*Your objective*
Exactly repeat all the records below, omitting the images they hold.

*Data shown*
# # # # # # #
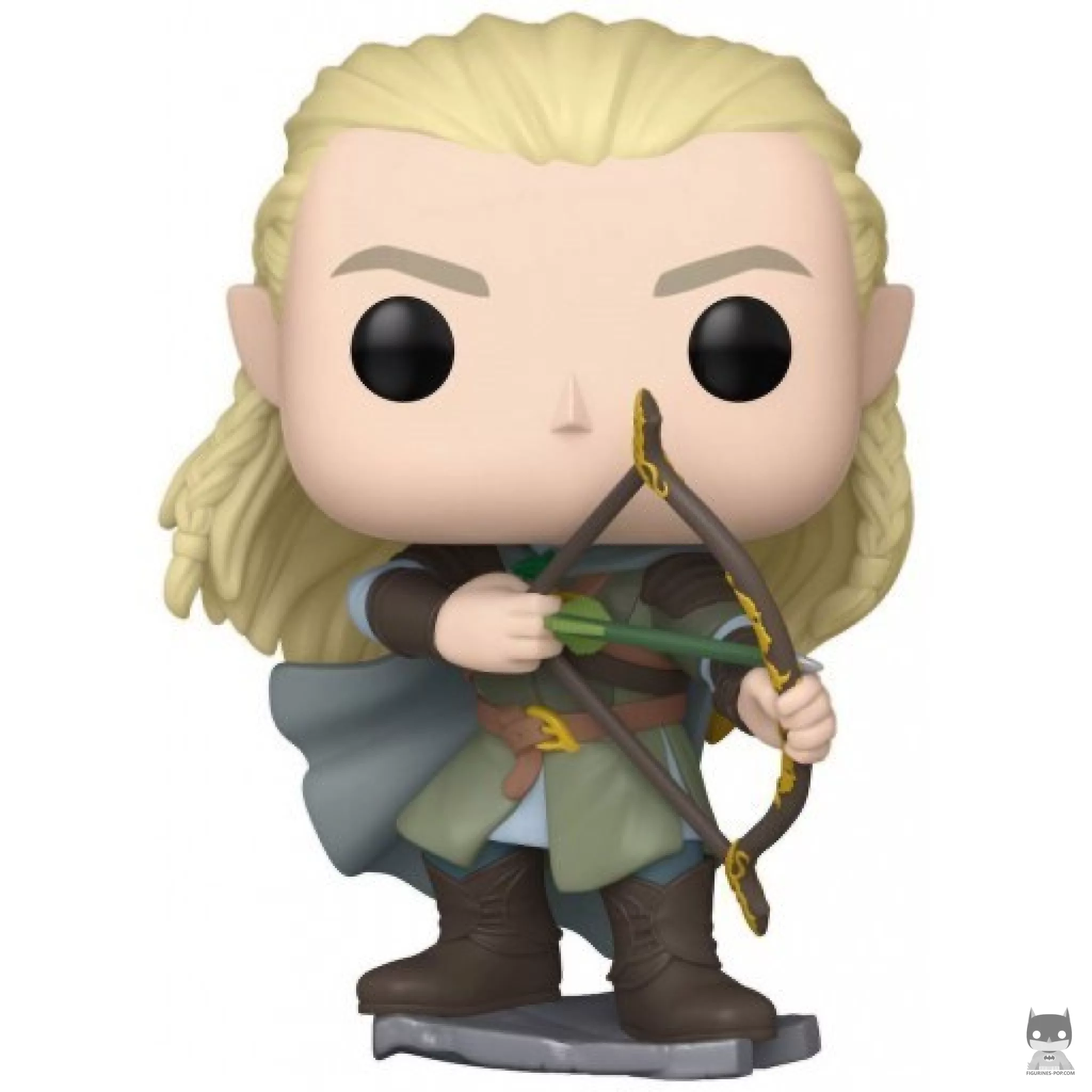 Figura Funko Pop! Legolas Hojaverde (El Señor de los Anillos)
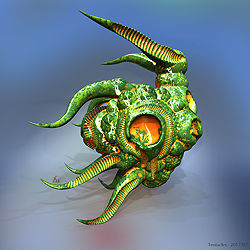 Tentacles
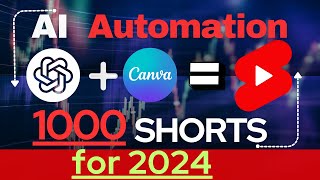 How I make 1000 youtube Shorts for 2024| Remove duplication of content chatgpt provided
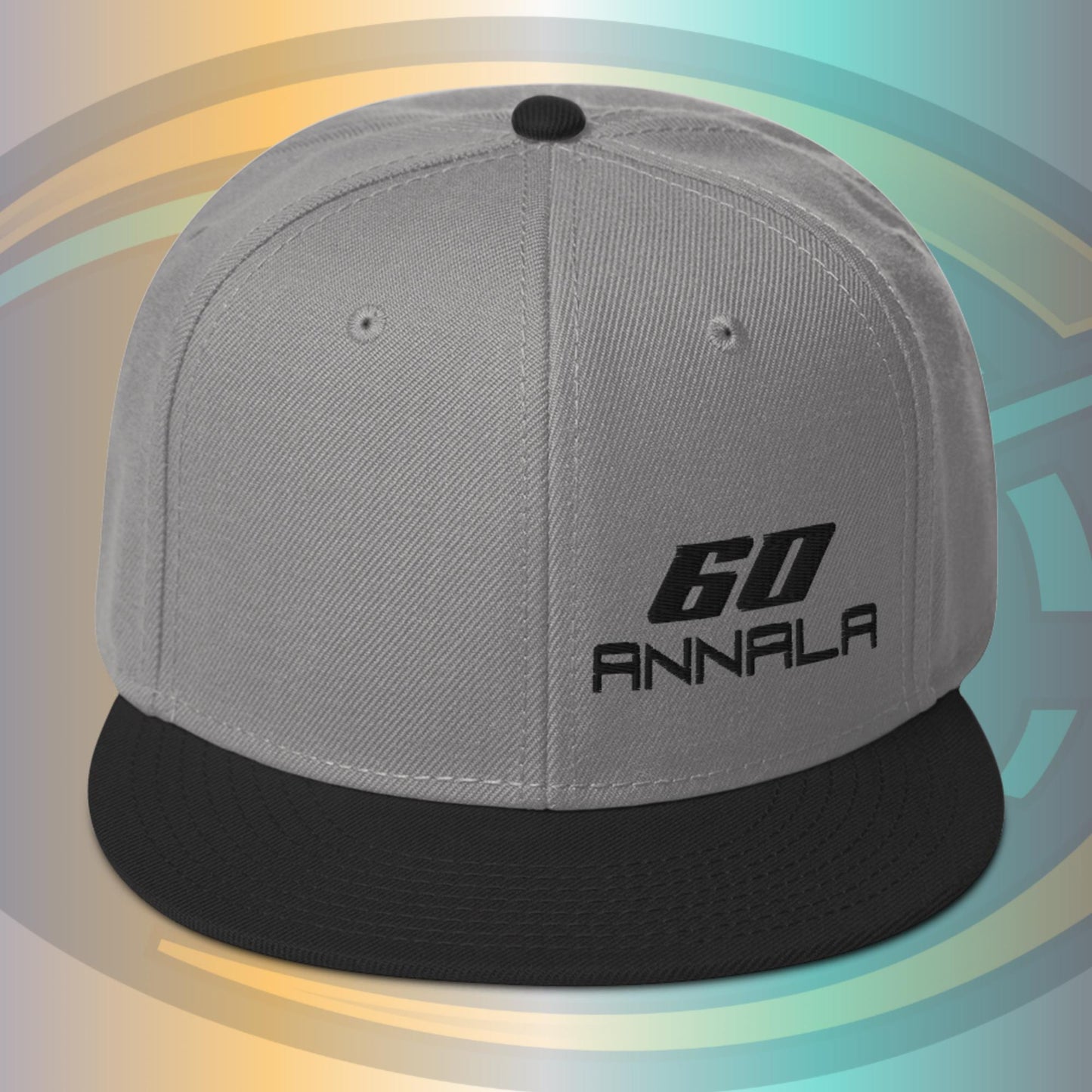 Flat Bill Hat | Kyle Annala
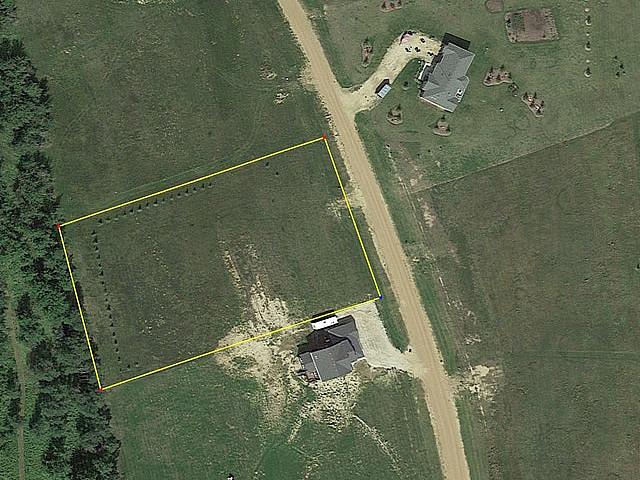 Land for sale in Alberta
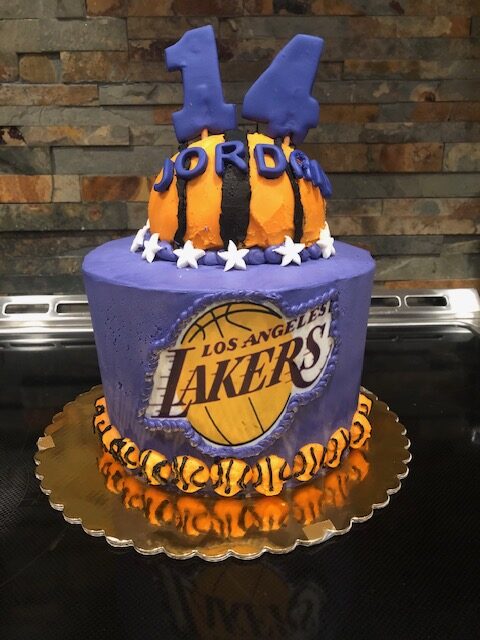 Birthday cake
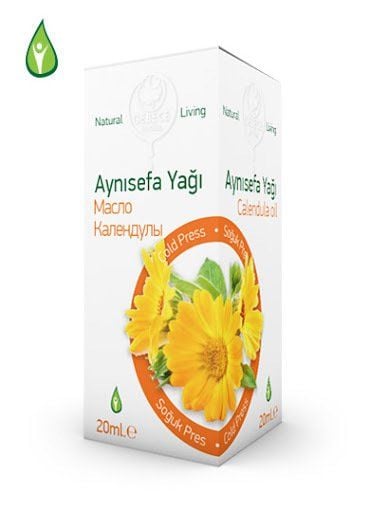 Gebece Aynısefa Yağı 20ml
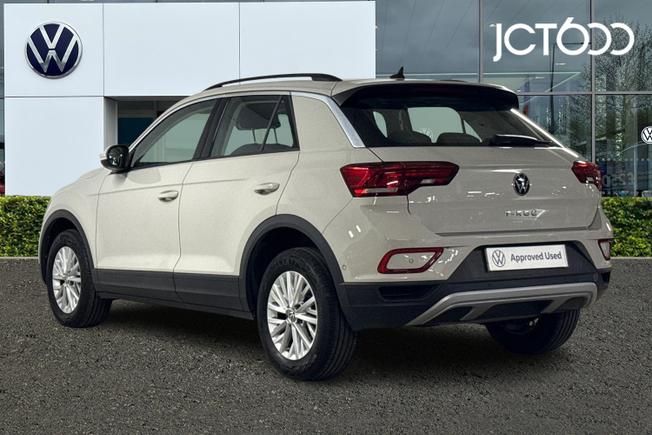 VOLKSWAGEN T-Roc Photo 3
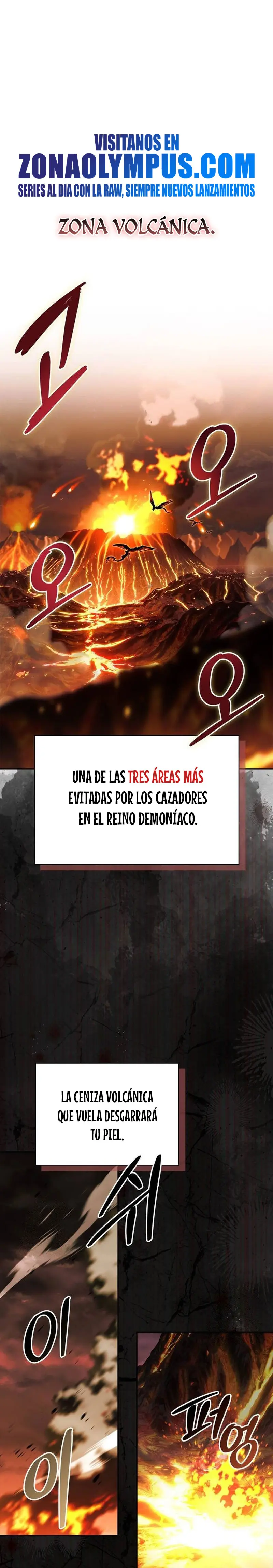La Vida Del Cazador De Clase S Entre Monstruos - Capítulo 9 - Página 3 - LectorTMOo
# # # # # # #
*Result below*
 Figura Funko Pop! Legolas Hojaverde (El Señor de los Anillos)
 Tentacles
 How I make 1000 youtube Shorts for 2024| Remove duplication of content chatgpt provided
 Flat Bill Hat | Kyle Annala
 Land for sale in Alberta
 Birthday cake
 Gebece Aynısefa Yağı 20ml
 VOLKSWAGEN T-Roc Photo 3
La Vida Del Cazador De Clase S Entre Monstruos - Capítulo 9 - Página 3 - LectorTMOo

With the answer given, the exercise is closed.